U.S. Treasury yields were mixed on Tuesday, though the 10- and 30-year maturities slipped to their lowest levels since Oct. 18 while the two-year rate continued to edge up, as investors sifted through a number of economic data releases ahead of next week’s Federal Reserve meeting.
What are yields doing?
The yield on the 10-year Treasury note
fell 1.6 basis points to 1.618%, versus 1.634% at 3 p.m. Eastern on Monday.
The 2-year Treasury note yield
edged up 1.3 basis points to 0.448%, compared with 0.435% late Monday. It’s the second-highest level this year for the yield, which is up three of the past four trading days, according to Dow Jones Market Data.
The 30-year Treasury bond yield
fell 3.4 basis points to 2.051%, down from 2.085% on Monday afternoon.
- The 10- and 30-year rates have fallen for three straight trading days, and are now at their lowest since Oct. 18, based on 3 p.m. levels.
What’s driving the market?
The yield curve — a line plotting yields across all Treasury maturities — continued to flatten, with long-dated yields falling or not gaining as much as short-dated yields. Investors and traders attributed the moves to a number of messages being sent by the bond market, including the views that Fed policy makers may not get very far in their next interest rate hiking cycle and/or the U.S. economic growth may have already peaked.
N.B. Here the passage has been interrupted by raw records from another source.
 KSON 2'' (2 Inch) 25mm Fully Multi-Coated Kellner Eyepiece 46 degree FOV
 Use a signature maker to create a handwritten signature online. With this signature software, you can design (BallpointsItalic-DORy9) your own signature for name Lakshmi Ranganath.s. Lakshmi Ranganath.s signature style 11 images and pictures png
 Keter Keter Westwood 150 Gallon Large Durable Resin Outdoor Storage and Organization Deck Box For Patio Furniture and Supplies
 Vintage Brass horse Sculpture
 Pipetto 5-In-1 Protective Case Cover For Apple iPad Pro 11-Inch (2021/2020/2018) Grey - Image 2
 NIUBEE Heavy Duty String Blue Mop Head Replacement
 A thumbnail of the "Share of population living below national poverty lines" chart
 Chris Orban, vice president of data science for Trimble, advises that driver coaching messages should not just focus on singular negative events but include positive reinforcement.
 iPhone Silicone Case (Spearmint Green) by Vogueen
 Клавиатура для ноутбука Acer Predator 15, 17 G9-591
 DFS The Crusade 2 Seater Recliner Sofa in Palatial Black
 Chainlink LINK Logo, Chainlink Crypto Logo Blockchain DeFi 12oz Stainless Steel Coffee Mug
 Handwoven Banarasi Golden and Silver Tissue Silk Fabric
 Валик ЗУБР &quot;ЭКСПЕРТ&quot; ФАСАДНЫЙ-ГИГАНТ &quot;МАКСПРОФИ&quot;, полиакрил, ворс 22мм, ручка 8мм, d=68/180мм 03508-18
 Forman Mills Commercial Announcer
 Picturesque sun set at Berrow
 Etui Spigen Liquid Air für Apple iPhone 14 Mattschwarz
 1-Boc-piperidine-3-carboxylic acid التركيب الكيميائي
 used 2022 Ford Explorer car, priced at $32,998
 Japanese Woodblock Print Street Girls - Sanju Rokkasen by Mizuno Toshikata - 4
The Fed is seen as likely to announce its plan next week for scaling back, or tapering, its $120 billion in monthly bond purchases, and investors are already looking past the months-long process. They’re focused instead on when the central bank will begin raising interest rates, and have moved forward their expectations for the first hike as a result of high inflation readings.
However, there are worries that the Fed could move more aggressively than anticipated to tighten monetary policy, at a time when economic growth could be waning. By the same token, fears of slowing growth are also contributing to the view of many that policy makers won’t be able to lift rates very far once they start.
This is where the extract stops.